[WORK ITEM] The whole listing should be retyped word for word, apart from the pictures it holds.

[INPUT RECORDS]
= = = = = = =
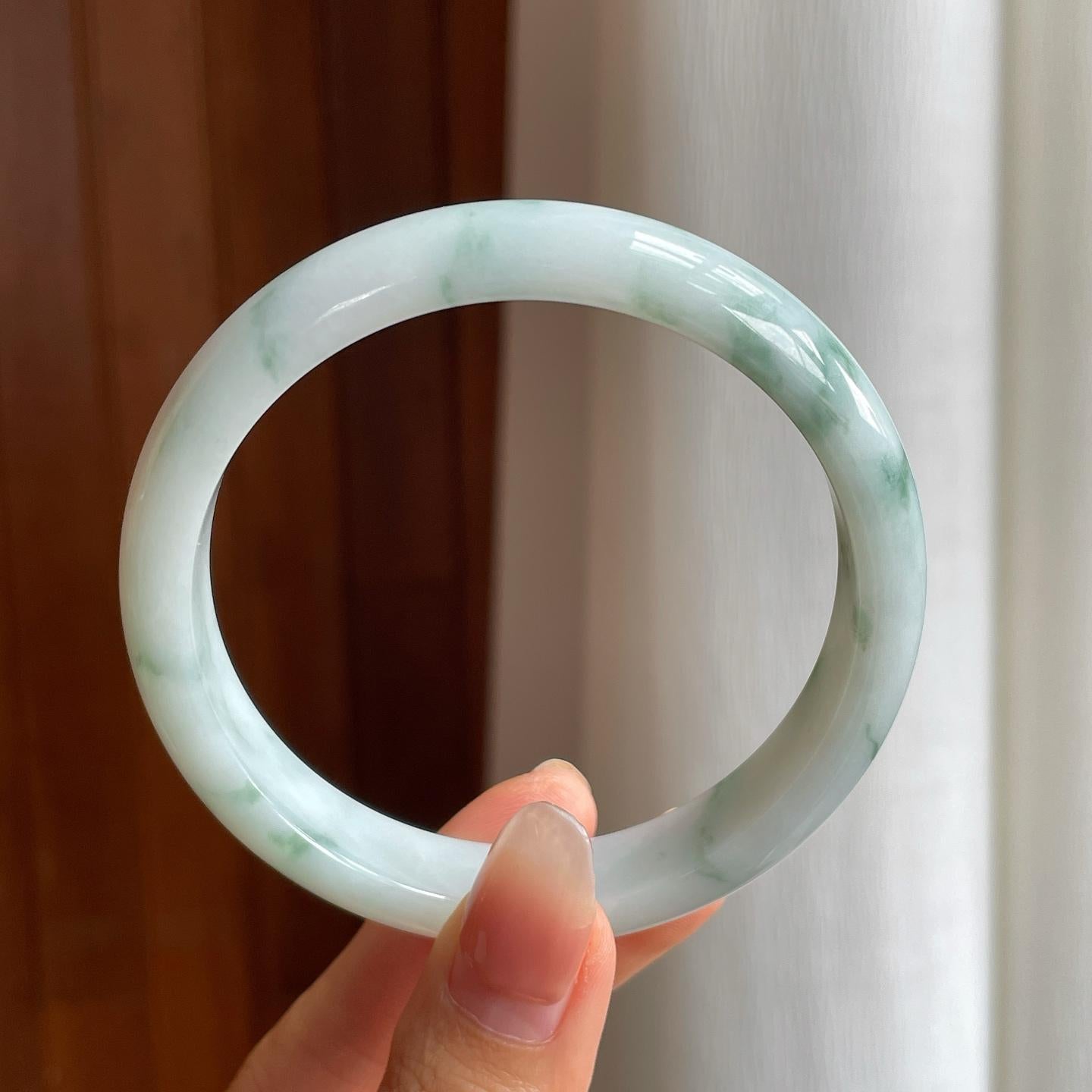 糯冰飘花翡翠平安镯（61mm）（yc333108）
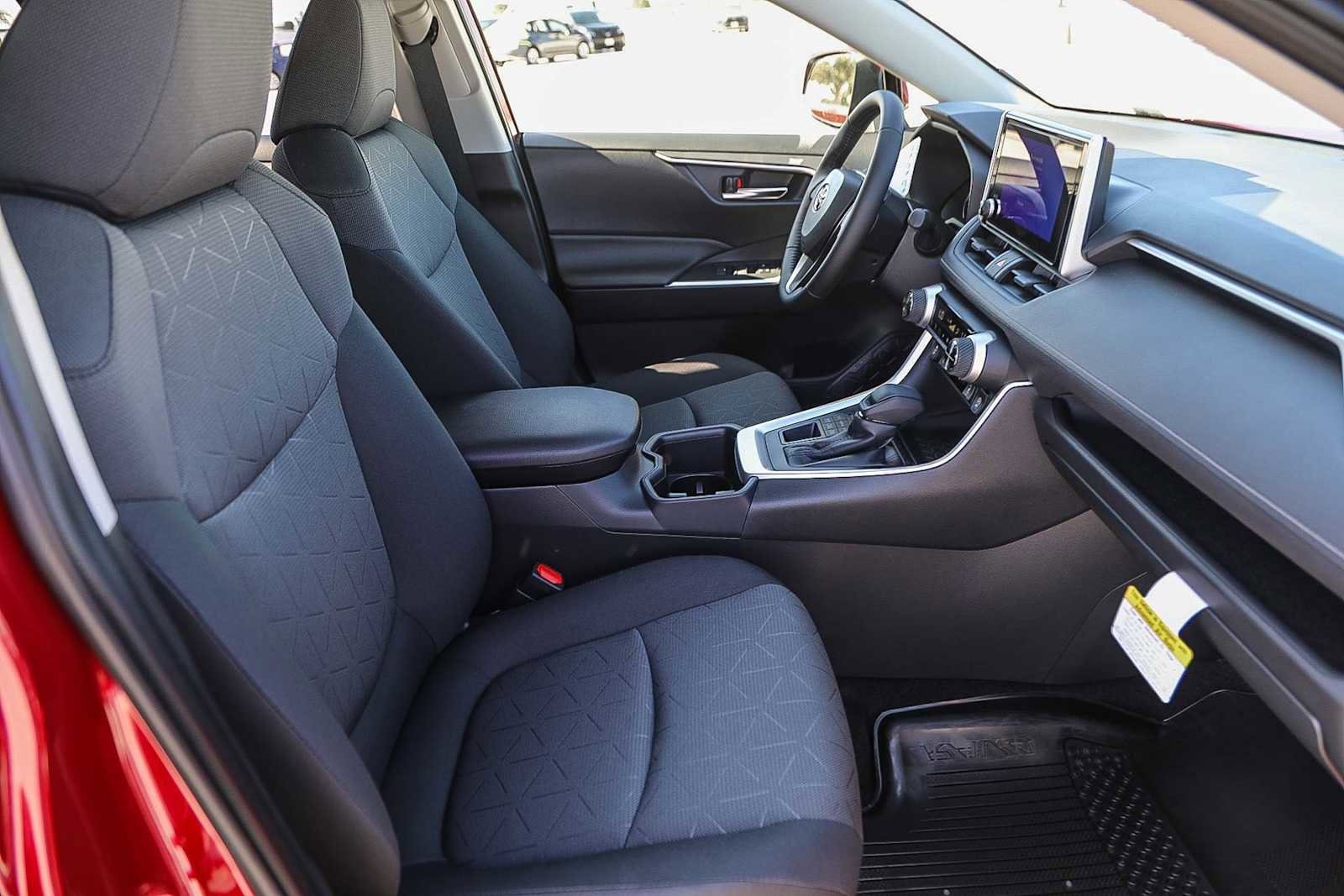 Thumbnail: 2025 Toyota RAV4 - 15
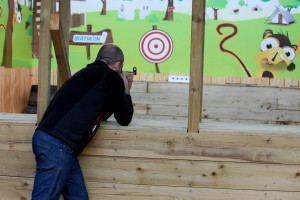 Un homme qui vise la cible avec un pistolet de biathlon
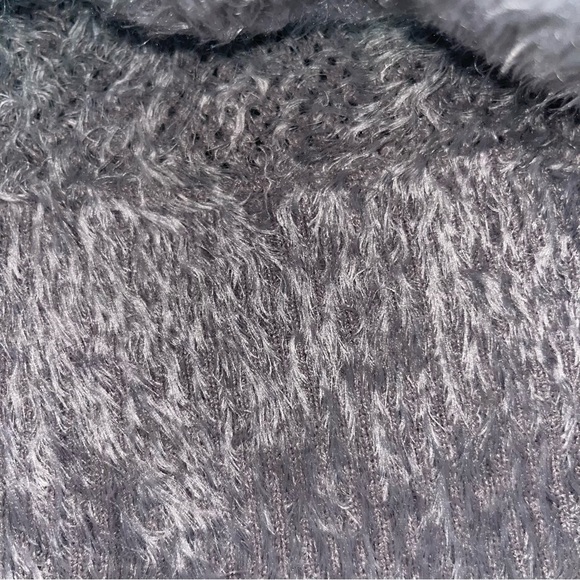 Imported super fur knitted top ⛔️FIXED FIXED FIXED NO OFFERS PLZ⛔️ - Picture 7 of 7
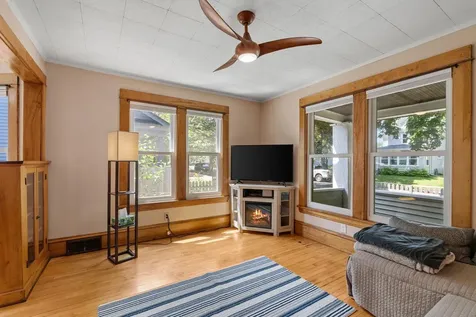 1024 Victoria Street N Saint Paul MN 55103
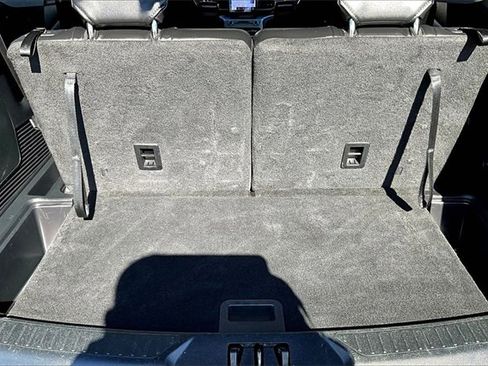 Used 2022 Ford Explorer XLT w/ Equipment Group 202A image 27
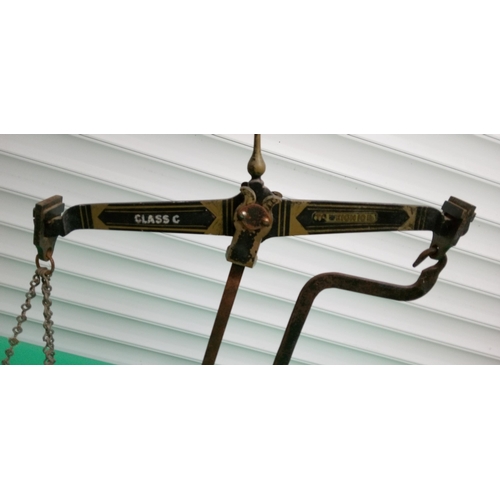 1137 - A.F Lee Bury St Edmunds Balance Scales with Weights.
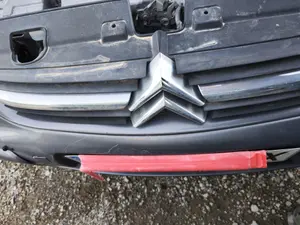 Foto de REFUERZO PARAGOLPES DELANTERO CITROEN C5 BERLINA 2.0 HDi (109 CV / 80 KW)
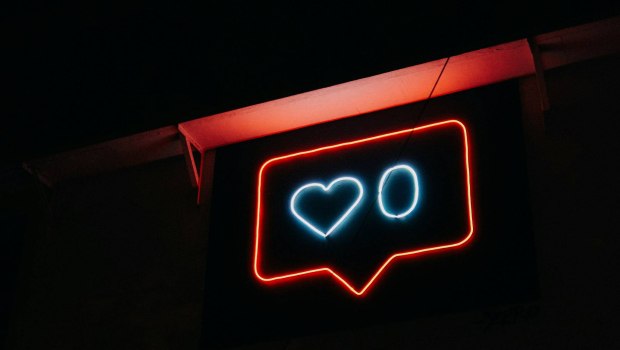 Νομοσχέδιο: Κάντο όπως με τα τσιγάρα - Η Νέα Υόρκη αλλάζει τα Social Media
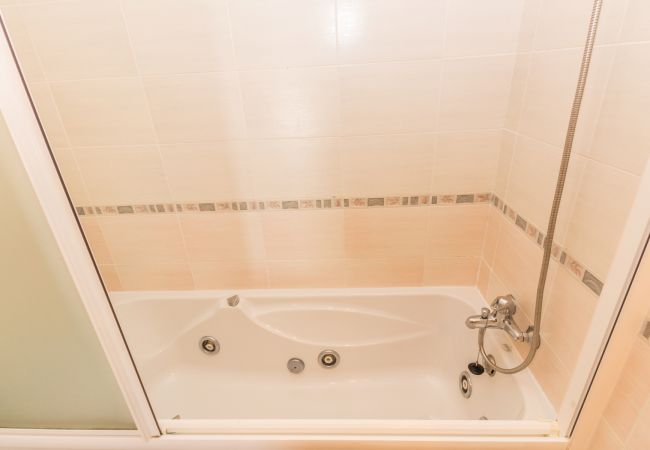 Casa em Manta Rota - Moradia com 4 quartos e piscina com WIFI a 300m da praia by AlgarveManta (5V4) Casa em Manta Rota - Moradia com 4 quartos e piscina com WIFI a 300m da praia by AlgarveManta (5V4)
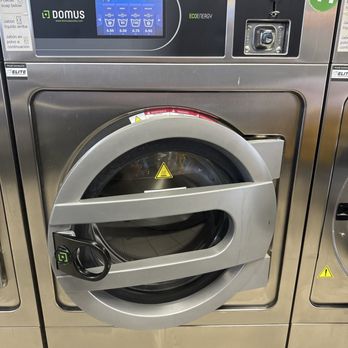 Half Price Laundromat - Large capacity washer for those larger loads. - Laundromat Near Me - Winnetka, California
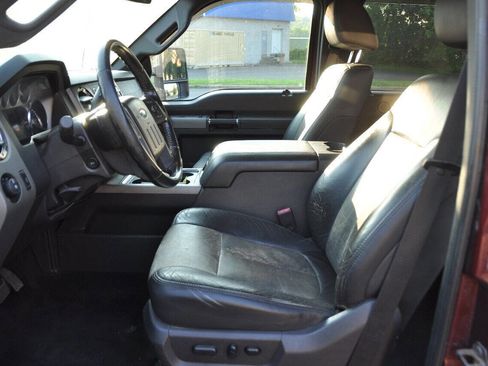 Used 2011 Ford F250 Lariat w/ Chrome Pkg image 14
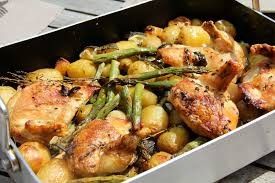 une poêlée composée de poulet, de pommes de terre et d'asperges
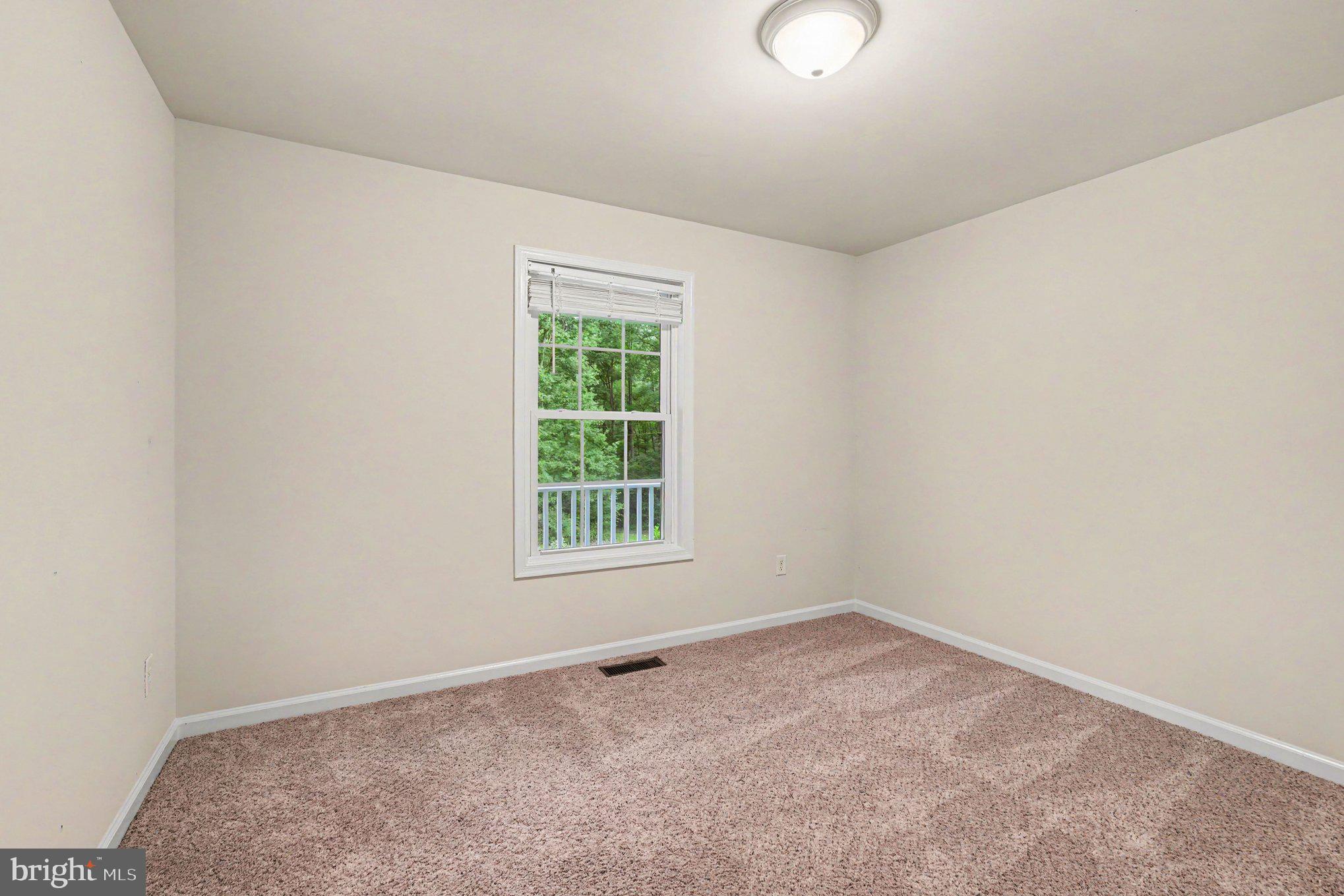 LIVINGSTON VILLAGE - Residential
= = = = = = =
[RESULT]
 糯冰飘花翡翠平安镯（61mm）（yc333108）
 Thumbnail: 2025 Toyota RAV4 - 15
 Un homme qui vise la cible avec un pistolet de biathlon
 Imported super fur knitted top ⛔️FIXED FIXED FIXED NO OFFERS PLZ⛔️ - Picture 7 of 7
 1024 Victoria Street N Saint Paul MN 55103
 Used 2022 Ford Explorer XLT w/ Equipment Group 202A image 27
 1137 - A.F Lee Bury St Edmunds Balance Scales with Weights.
 Foto de REFUERZO PARAGOLPES DELANTERO CITROEN C5 BERLINA 2.0 HDi (109 CV / 80 KW)
 Νομοσχέδιο: Κάντο όπως με τα τσιγάρα - Η Νέα Υόρκη αλλάζει τα Social Media
 Casa em Manta Rota - Moradia com 4 quartos e piscina com WIFI a 300m da praia by AlgarveManta (5V4) Casa em Manta Rota - Moradia com 4 quartos e piscina com WIFI a 300m da praia by AlgarveManta (5V4)
 Half Price Laundromat - Large capacity washer for those larger loads. - Laundromat Near Me - Winnetka, California
 Used 2011 Ford F250 Lariat w/ Chrome Pkg image 14
 une poêlée composée de poulet, de pommes de terre et d'asperges
 LIVINGSTON VILLAGE - Residential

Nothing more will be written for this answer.